Doug Kahn's "ouch" moment arrived in January. In December, the CEO of Ahura Scientific, a developer of hand-held chemical-identification products based in Wilmington, Massachusetts, had presented his board with the plan for 2009. But later that month, revenue looked sparser and the pipeline drier than projected. Standing before the board in the dew of a new year, Kahn told it to scrap the document; instead, he would issue quarterly plans. "In my career, I've never done that before," says Kahn. "I'm accustomed to putting together an exciting plan and coming out of the gates with great enthusiasm. But the uncertainty of the economy wouldn't allow that."
Ahura is an Inc. 500 highflier -- the fastest-growing company in the environmental-services category in 2008. (It's on the list again this year.) We were curious about how last year's class was faring in the economic swoon, so we reached out to the No. 1 companies in each industry category. Growth-company leaders are characterized by ingenuity and resilience -- but they also benefit from momentum. Given that the wind beneath so many wings had been reduced to a puff, we hoped to discover bold gambits and shrewd coping strategies. We were not disappointed.

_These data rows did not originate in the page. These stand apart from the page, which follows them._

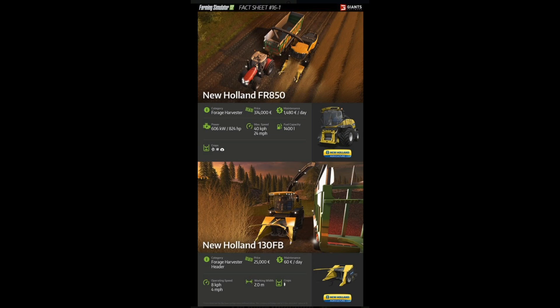Let's begin with this awesome forage harvester. Now if you know the Krone Big X 1100 and the Krone 550 or 500 series — we've already had the 1100, and the 550 or 500 series was pretty much added to 17, which I think is great. It's a little bit less expensive than the Big X, so that's going to be really helpful to get started and do silage early on in the game. But we have another one.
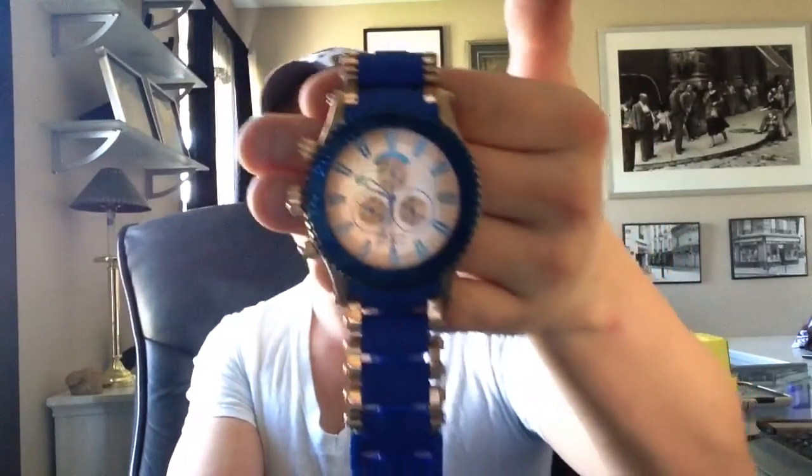There it is, guys — that's the 18226 Invicta Sea Spider. Although I mentioned three different colors, they make this one in many different colors. I've often thought about getting the all-black version — the Casio G-Shock is a great watch, but it's nice if you're going to go with an all-black watch to maybe get something a little different. This kind of gives you that rubberized texture like a Casio would. Pretty cool watch.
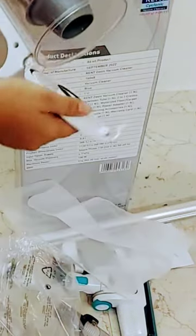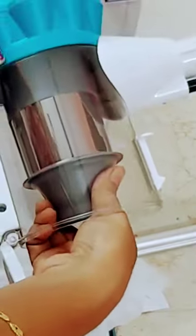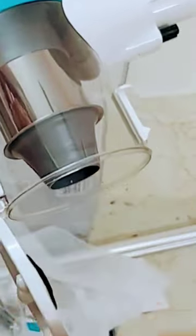Now we are in the body of the mission. We are going to collect dust and throw it. If you use the HEPA filter, we can wash it.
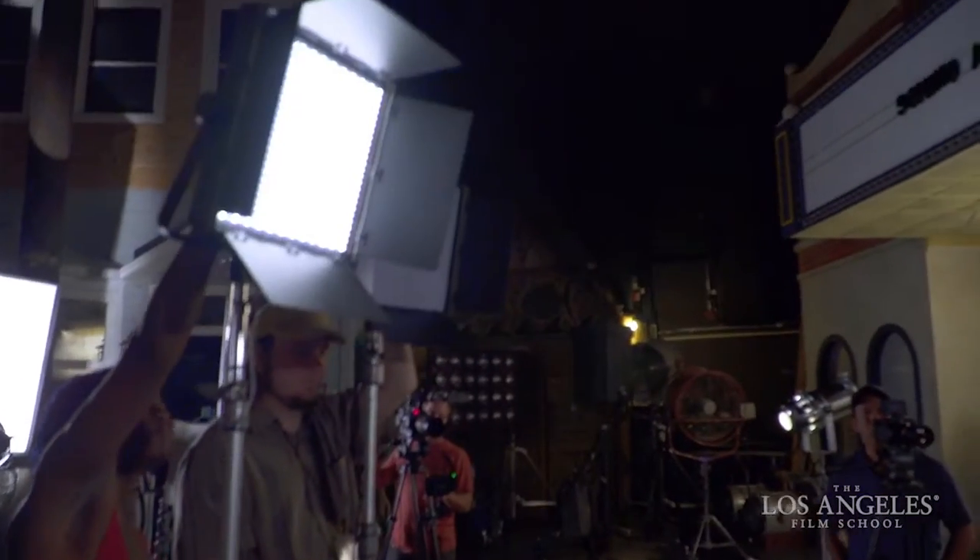Let's go ahead and fire those up. These are set to full tungsten output right now, so they should balance nicely with our backlight. Because they were so bright, we had to dial them back a little bit so we could still maintain our 4.5 f-stop to camera. The nice thing about these fixtures is they look good raw, with clean LEDs.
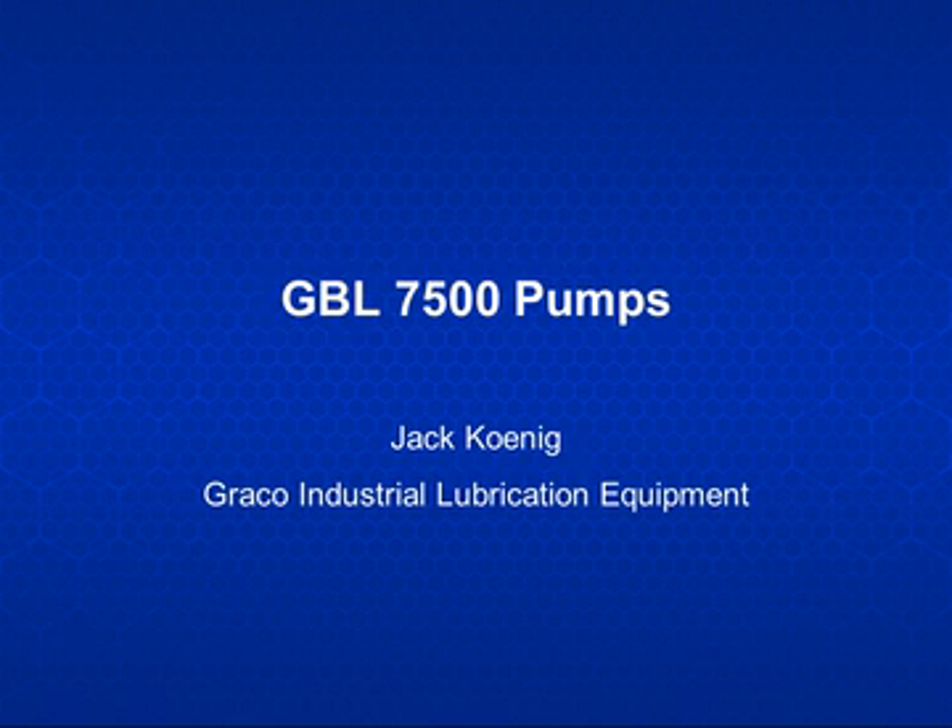Hello, I'm Jack Koenig from Graco Lubrication Equipment Division. In this video I will provide a brief overview of the pumps we use in the MBL modular box lubricator.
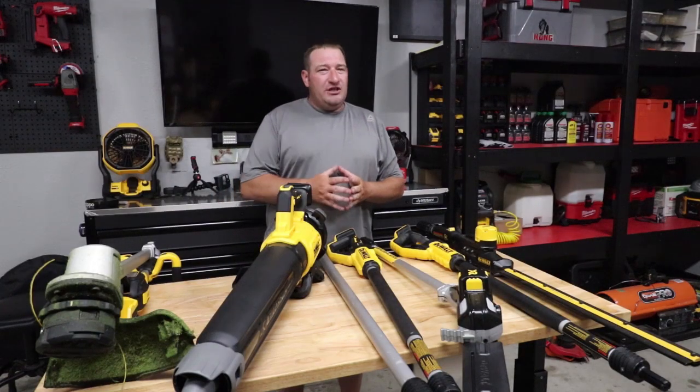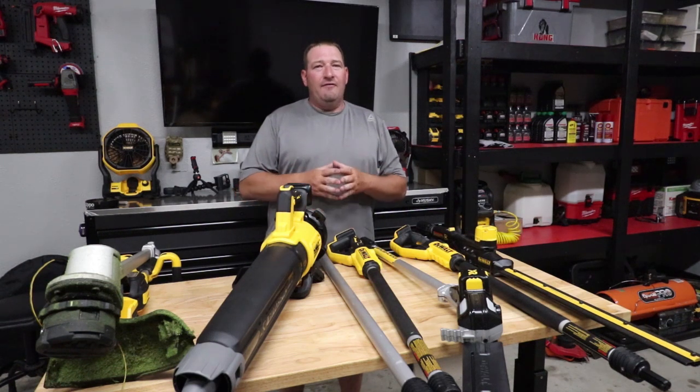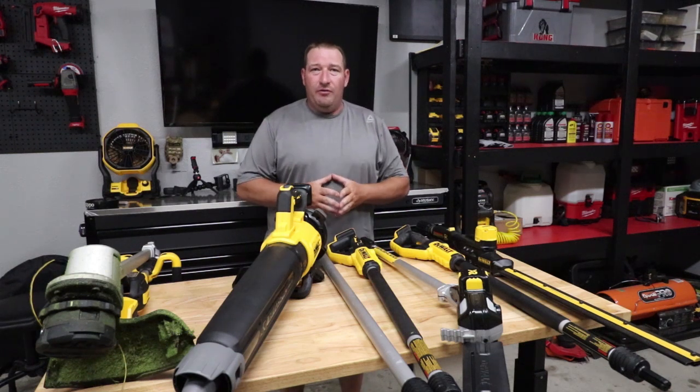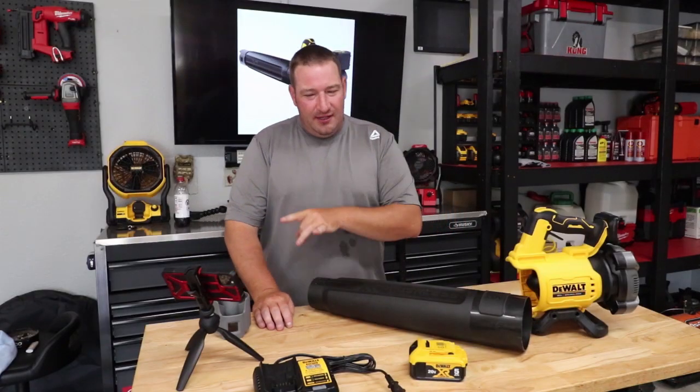Before we jump into this video, I would like to say a huge thank you to DeWalt as they did send me these products for review. However, please know that all thoughts and opinions are still my own. Hope you enjoy.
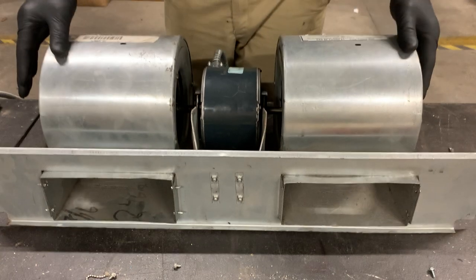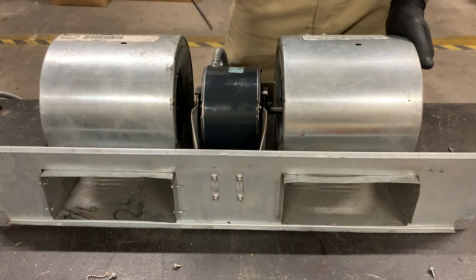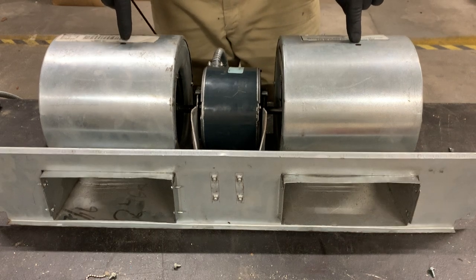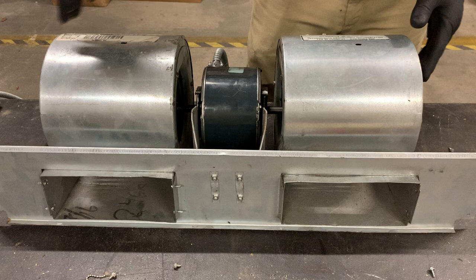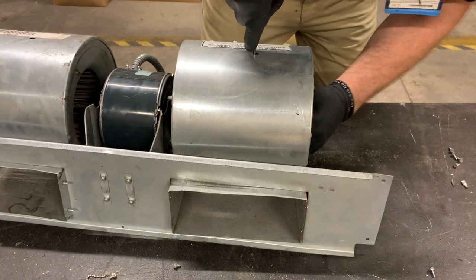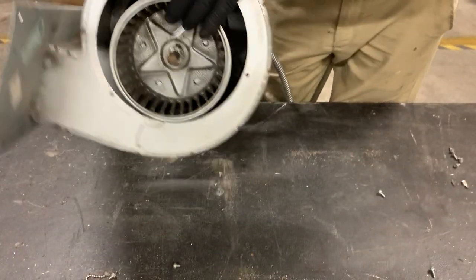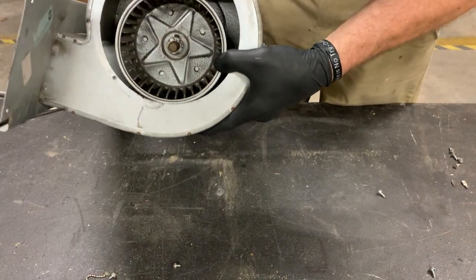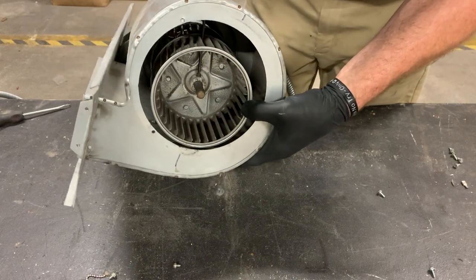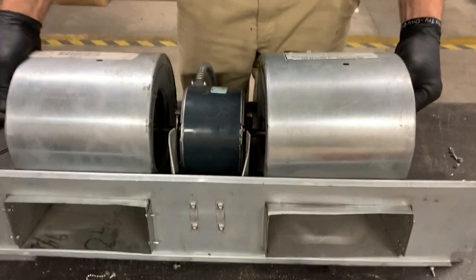What I've gone ahead and done is I've loosened up the squirrel cages on the inside. Mine are a 5/32nd Allen wrench — the T-handle's the best to use. You've got two holes here at the top. You put your T-handle down inside and line it up with the set screw that's inside holding your squirrel cage in. These are on the inside, just like this. So you're going to take your T-handle, stick it through there, and line it up with the retaining nut.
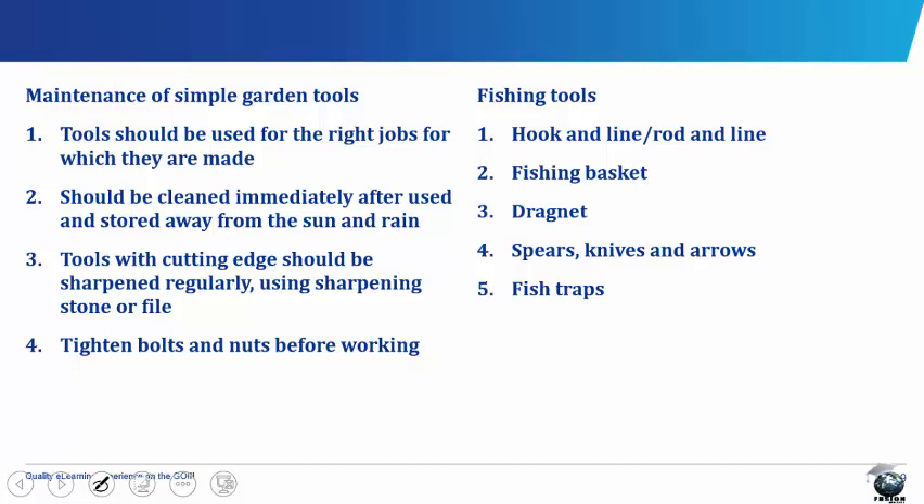Maintenance of simple garden tools. For our garden tools to last and for their lifespan to be prolonged, there are certain measures to take. Tools should be used for the right jobs for which they are made. Tools should be cleaned immediately after use and stored away from the sun and rain. Tools with cutting edges should be sharpened regularly using a sharpening stone or file. We also need to tighten bolts and nuts before working.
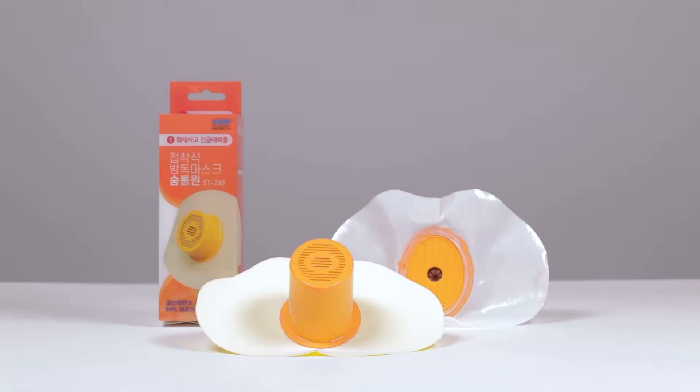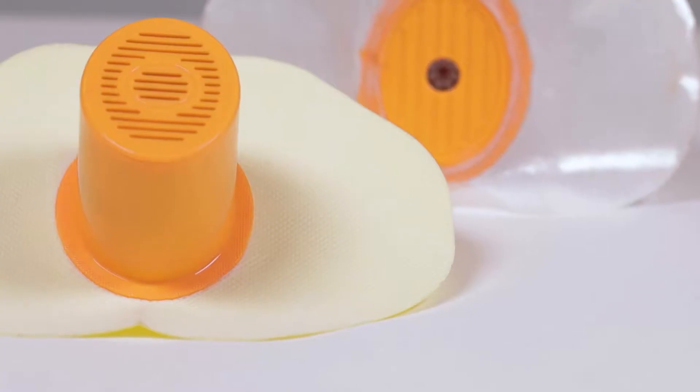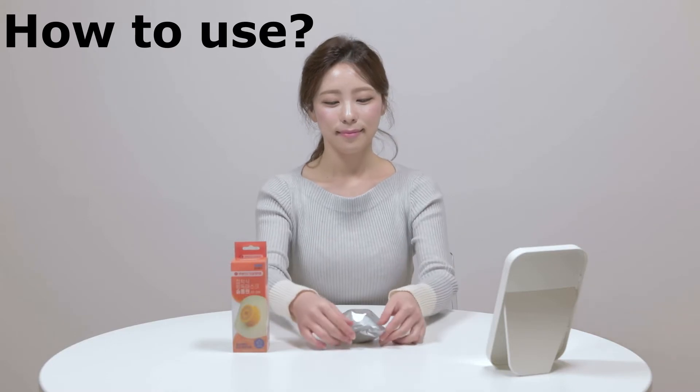YGF is a venture company with 16 outstanding intellectual property rights. Here is how to use this gas mask.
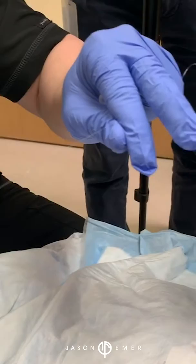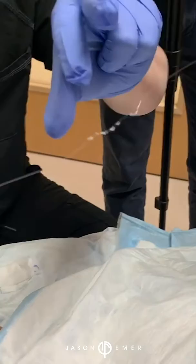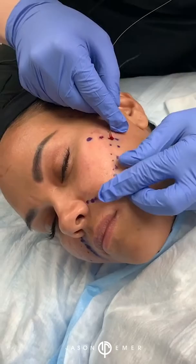We're doing our InstaLift procedure. If you take a look here, this is a suture that has little baby cones on them. It's called bi-directional because on the left side the cones are facing one direction, and on the other side the cones are facing the other direction, with a little space in between. That's the anchor point — that little dot right here. These threads go under the skin and then anchor right in the middle to hold that skin up. I have a very young patient who is just starting to notice a little bit of looseness in her tissue and some increasing nasal labial folds.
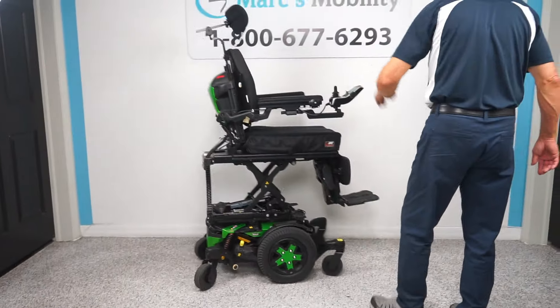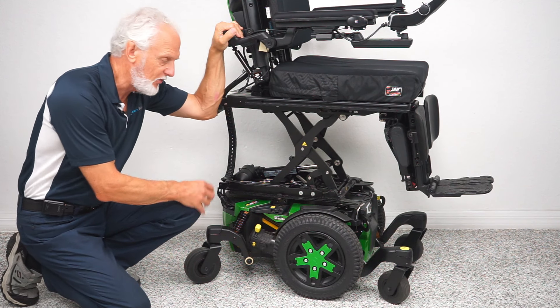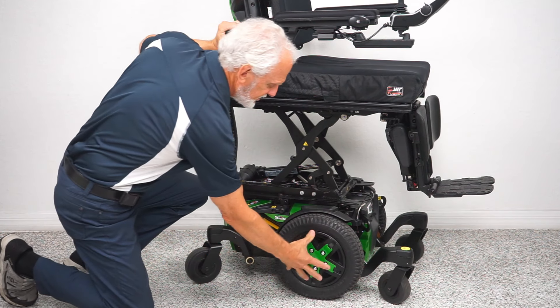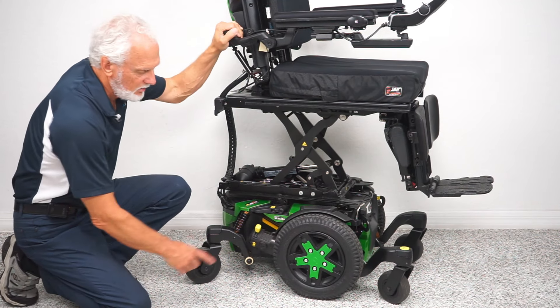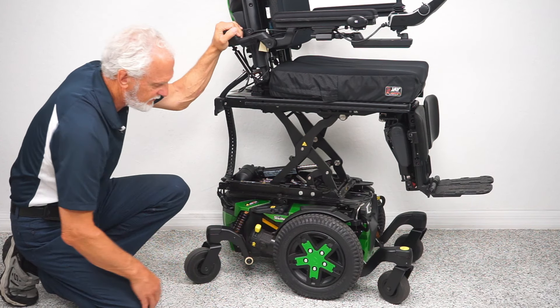Let's look at the base on this chair. It's a gorgeous power chair, folks, and it's built like a tank. This chair weighs probably somewhere close to 425 pounds, so it's a heavy power chair. This is considered a mid-wheel drive chair. Mid-wheel drive means your drive wheel — your big wheel — is going to be between the other two wheels. These are 14-inch tires and they're not going to mark your floor.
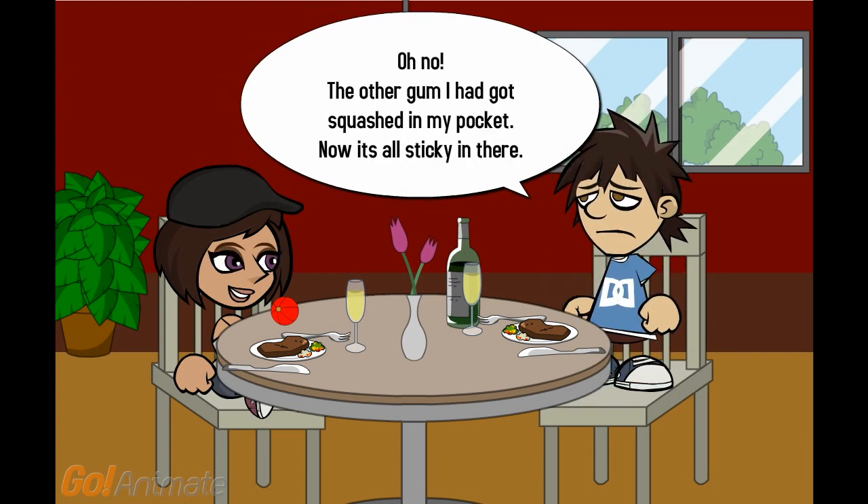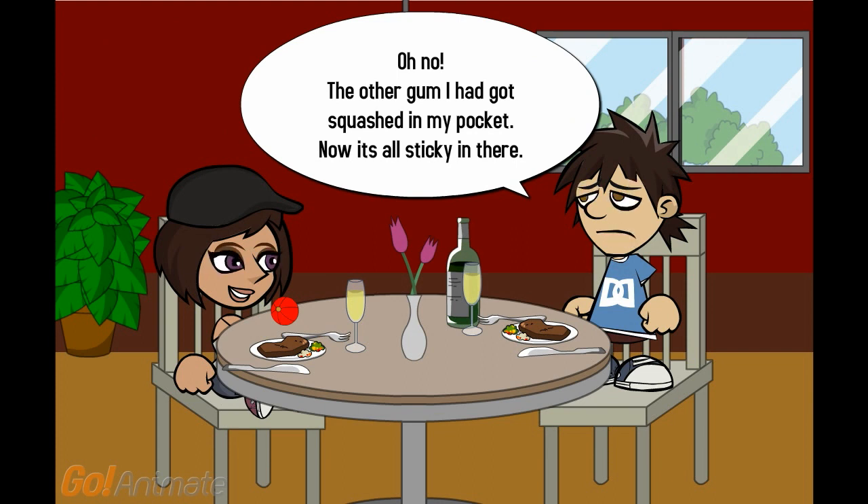Oh no. The other gum I had got squashed in my pocket. Now it's all sticking in there. That's okay — put your trousers in the freezer. The polymer will go below its TG. It will make the gum brittle and you can pick it off.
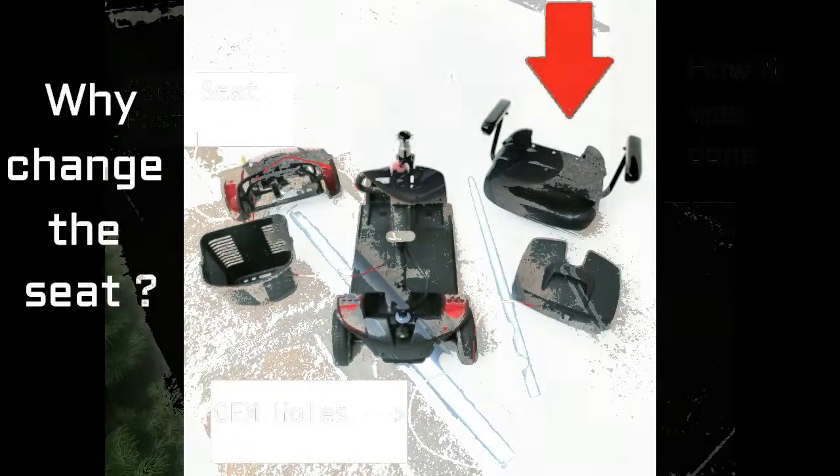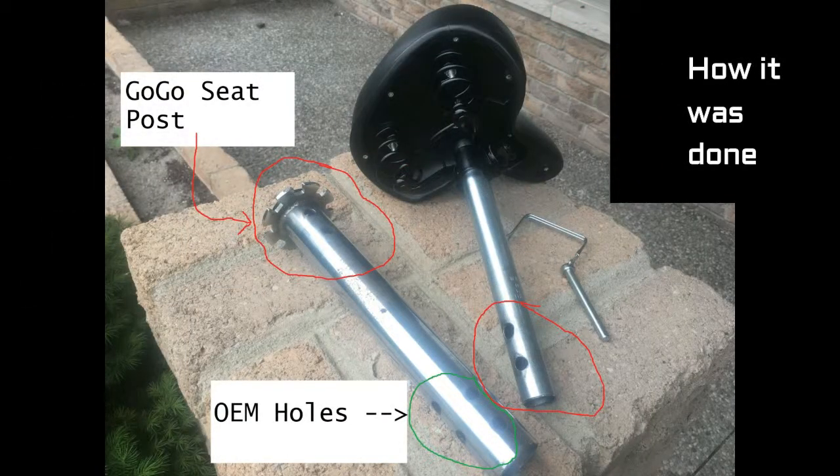Here is how the seat conversion was completed. On the right-hand side you have the bicycle seat shown in black at the top. Attached to it is a replacement seat post, and to the right is a trailer hitch quick-release pin. I bought all those items on Amazon — the seat was $40, the post was $10, and the pin was $9. Those are the new components.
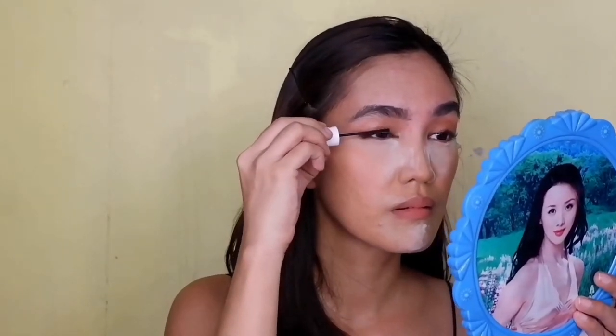Then I'll be using the same shade on my lips. I already have my lash lift, so I'll just use mascara.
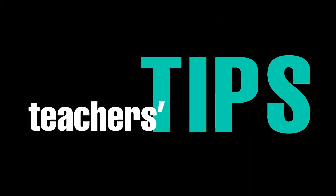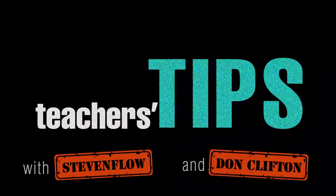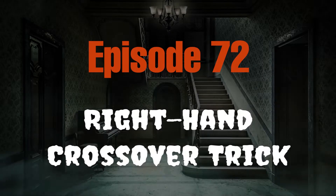Teacher's Tips! Hi, I'm Don Clifton, a teacher here at the Seattle Guitar Store.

Ahura has responded to nervous times by reassuring prospects of its continued health -- talking at length about products in development and sometimes sharing its financials with customers. Kahn has also reached down into the ranks for new ideas, creating a council of managers charged with proposing cost-cutting ideas and operational improvements. Among them: removing half the light bulbs from the hallways. "We did that and no one even noticed," says Kahn. "Now we're saving $5,000 a year."
Other 2008 No. 1's staring at parched landscapes have shifted their sights to better-irrigated climes. Gary Lin says growth at his St. Paul—based online advertising firm, Glispa, will hold steady at about 20 percent -- virtually all of that from the company's offices in Germany and Brazil. At Premier Payment Systems, a credit card processing company in Oak Brook, Illinois, sales mirror the economy's peaks and valleys: less business from white-tablecloth restaurants and construction companies, more from pizza joints and what CEO Drew Sementa calls "business opportunity" firms. ("Make money on eBay!")
Some leaders regard slowing growth as a chance to attack their to-do lists. Ralph Gaines, CEO of BeBetter Networks, a Charleston, West Virginia, business that runs corporate health programs, hired a consultant in November to audit technology and operations. The company is exhaustively reworking its IT systems and processes. Gaines estimates the new processes will save BeBetter -- on track for 20 percent growth -- $500,000 a year.
Hammering was audible during a conversation with Greg Bauer and John Hawkins, co-principals of ESC Select, a professional employer organization in Amherst, New York. The company is toppling walls to absorb adjacent office space on which a motivated landlord provided generous terms. The principals are taking advantage of a moderate slowdown -- projected 11 percent revenue growth in 2009 -- to redesign seating arrangements and improve workflow.
Only a couple of the CEOs we spoke to had laid off more than two or three people; a few had added head count; and many had replaced employees as the market for available talent ripened to bursting. "We are looking to take the lowest 10 percent of performers and replace them with stars," says Mike Fitzsimmons, who expects 2009 sales to double at Delivery Agent, a San Francisco company that helps TV networks sell products online. "There's a lot of talent on the street."